▸ Activity:
In the records below, the lines between the one holding "Santa Eagle Tank Top" and the one holding "Tipikor Polrestabes Surabaya", inclusive, are to be transcribed exactly; no pictures are to be included.

▸ Material for the task:
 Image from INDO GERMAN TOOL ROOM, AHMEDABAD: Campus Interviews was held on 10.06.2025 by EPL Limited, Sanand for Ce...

---

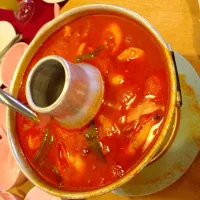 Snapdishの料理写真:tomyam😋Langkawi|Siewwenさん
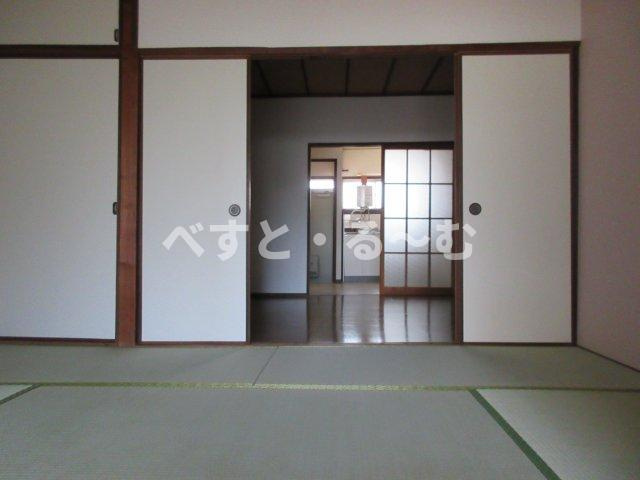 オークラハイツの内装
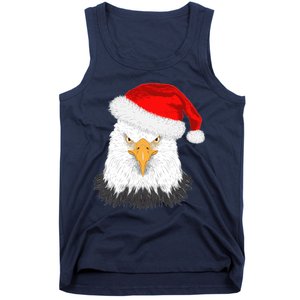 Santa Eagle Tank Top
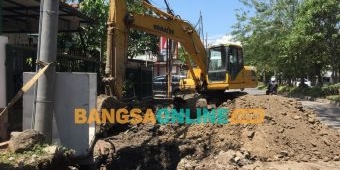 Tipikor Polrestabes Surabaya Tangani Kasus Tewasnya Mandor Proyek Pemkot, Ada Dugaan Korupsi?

▸ Your solution:
 Santa Eagle Tank Top
 Tipikor Polrestabes Surabaya Tangani Kasus Tewasnya Mandor Proyek Pemkot, Ada Dugaan Korupsi?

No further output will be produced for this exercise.